On-line version ISSN 1984-2961

Rev. Bras. Parasitol. Vet. vol.23 no.4 Jaboticabal Oct./Dec. 2014

https://doi.org/10.1590/s1984-29612014091 

Original Article

Complementary data on four methods for sampling free-living ticks in the Brazilian Pantanal

Dados complementares de quatro métodos para amostragem de carrapatos em vida livre no Pantanal brasileiro

Vanessa do Nascimento Ramos1  * 

Carolina Fonseca Osava1 

Ubiratan Piovezan2 

Matias Pablo Juan Szabó1 

1Laboratório de Ixodologia, Faculdade de Medicina Veterinária, Universidade Federal de Uberlândia – UFU, Uberlândia, MG, Brasil

2Empresa Brasileira de Pesquisa Agropecuária – Embrapa Pantanal, Corumbá, MS, Brasil


ABSTRACT

In this study, four methods for sampling free-living ticks that are used in ecological and human tick-bite risk studies were evaluated. Cloth dragging, carbon dioxide traps and visual searches and inspection of plant litter on the ground were used in field and forest areas within the Brazilian Pantanal. Among the three tick species collected, Amblyomma sculptum predominated, followed by Amblyomma parvum and Amblyomma ovale. Dragging, a cheap and simple technique, yielded the highest numbers of ticks, particularly nymphs. The visual search detected a high number of adult ticks and provided information on tick questing height. Even though laborious, plant litter examination showed that large numbers of ticks may use this stratum. Carbon dioxide (CO2) traps are expensive and difficult to handle, but they are highly efficient for adult ticks, especially A. parvum. These data indicate that one method alone is incapable of providing a representative sample of the tick fauna in a particular area and that multiple techniques should be used for tick population studies.

Key words: Off-host ticks; collecting techniques; CO2 traps; cloth dragging; visual search; litter inspection

RESUMO

Neste estudo, foram avaliados quatro métodos de amostragem de carrapatos em vida livre, usados em estudos ecológicos e avaliação do risco de picadas em humanos. Arraste de flanela, armadilhas de gás carbônico (CO2), busca visual e inspeção de serrapilheira foram aplicados em áreas campestres e florestais no Pantanal brasileiro. Dentre três espécies coletadas, a predominância foi de Amblyomma sculptum, seguida por Amblyomma parvum e Amblyomma ovale. O arraste, técnica simples e de baixo custo, resultou em maior número de carrapatos, particularmente de ninfas. A busca visual detectou alto número de carrapatos adultos e forneceu informações sobre altura de espera por hospedeiros. Apesar de trabalhoso, o exame da serrapilheira demonstrou que grande número de carrapatos pode utilizar esse estrato. Armadilhas de CO2 têm custo elevado e são difíceis de manusear, entretanto, são altamente eficientes para carrapatos adultos, em especial para A. parvum. Esses dados indicam que somente um método é incapaz de fornecer amostra representativa da ixodofauna em uma área particular e que, para estudos populacionais, técnicas múltiplas devem ser usadas.

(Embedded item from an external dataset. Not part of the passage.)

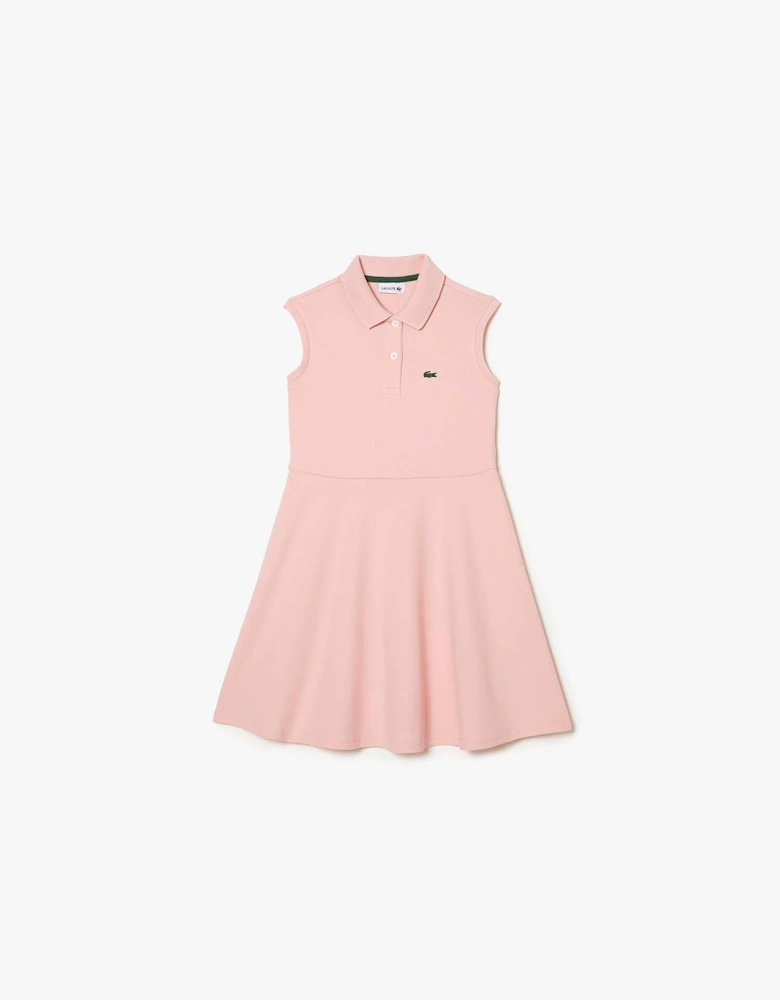 Juniors Sleeveless Stretch Piqué Polo Dress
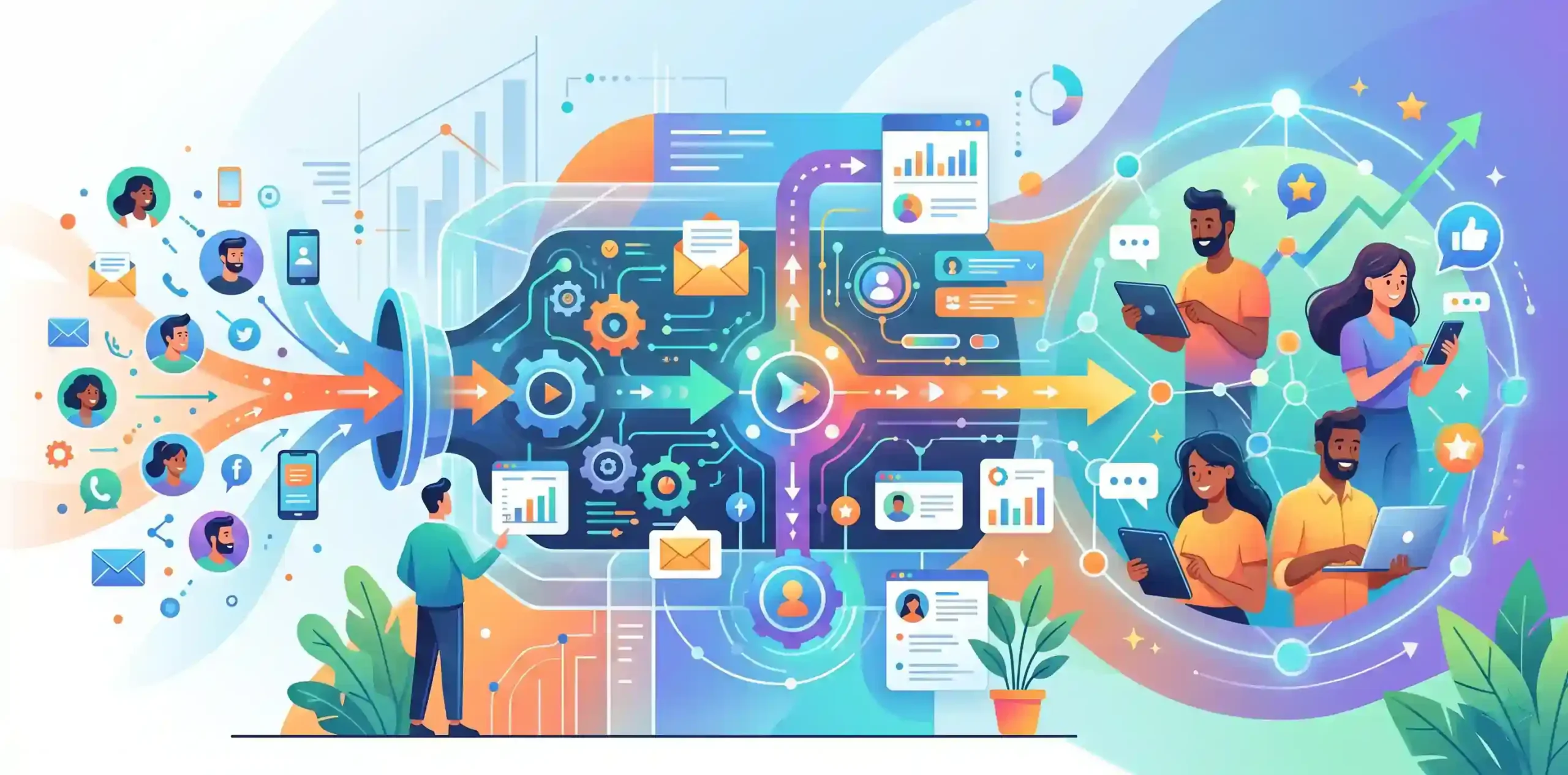 📈 مدیریت سرنخ‌ها و پرورش خودکار مخاطبان هدف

Palavras-Chave: Carrapatos em vida livre; técnicas de coleta; armadilhas de CO2; arraste de flanela; busca visual; inspeção de serrapilheira

Introduction

Ticks spend most of their lifetime off-host (NEEDHAM & TEEL, 1991). Therefore, studies that evaluate environmental infestation and associated risks to animal and human health are quite relevant. There are several off-host tick sampling methods, but an awareness of their limitations is of paramount importance to avoid misleading interpretations. In fact, method efficiency may vary according to environmental characteristics (SZABÓ et al., 2009) and thus should be evaluated in various milieus.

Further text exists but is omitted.